» **Task instructions**: All of the listing is to be written out word for word, with the pictures left out.

Start of Data section

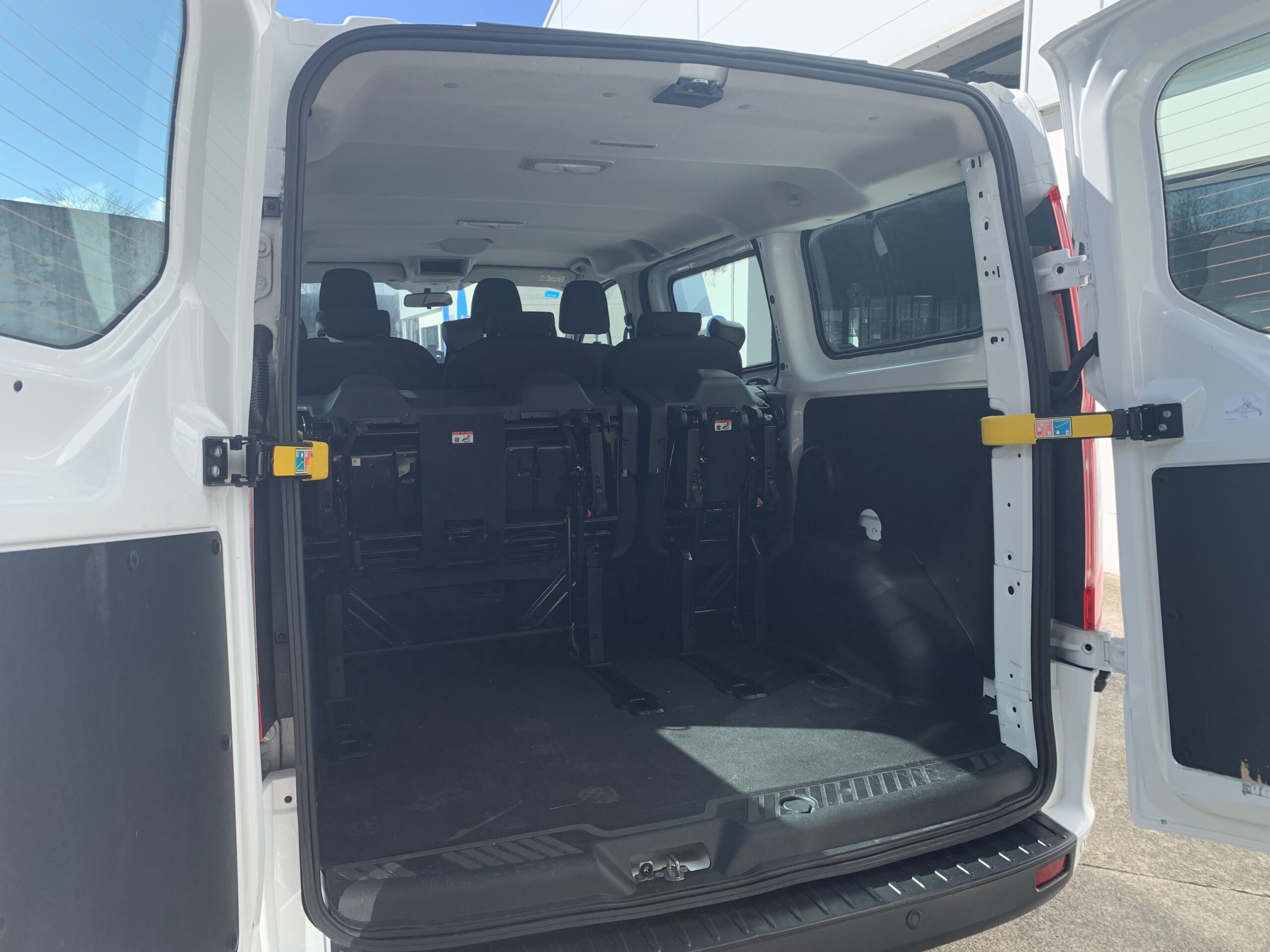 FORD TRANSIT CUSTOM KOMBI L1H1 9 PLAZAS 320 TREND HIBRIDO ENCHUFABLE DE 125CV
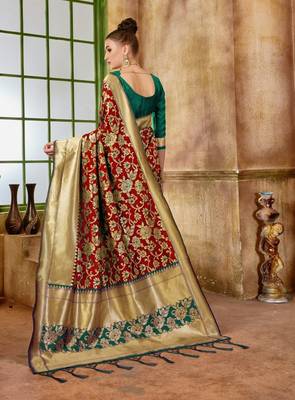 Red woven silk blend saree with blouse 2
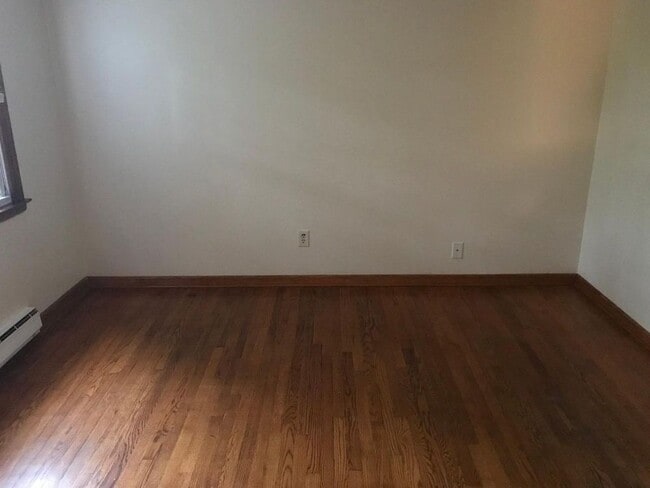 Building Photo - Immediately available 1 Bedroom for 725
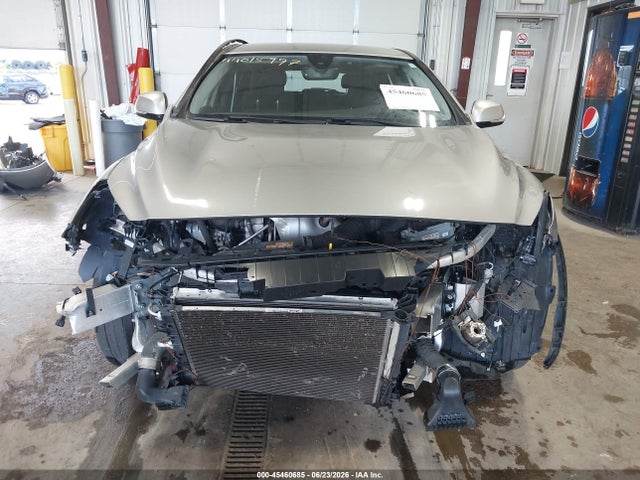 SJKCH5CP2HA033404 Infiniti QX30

End of Data section

» **Exercise response**:
 FORD TRANSIT CUSTOM KOMBI L1H1 9 PLAZAS 320 TREND HIBRIDO ENCHUFABLE DE 125CV
 Red woven silk blend saree with blouse 2
 Building Photo - Immediately available 1 Bedroom for 725
 SJKCH5CP2HA033404 Infiniti QX30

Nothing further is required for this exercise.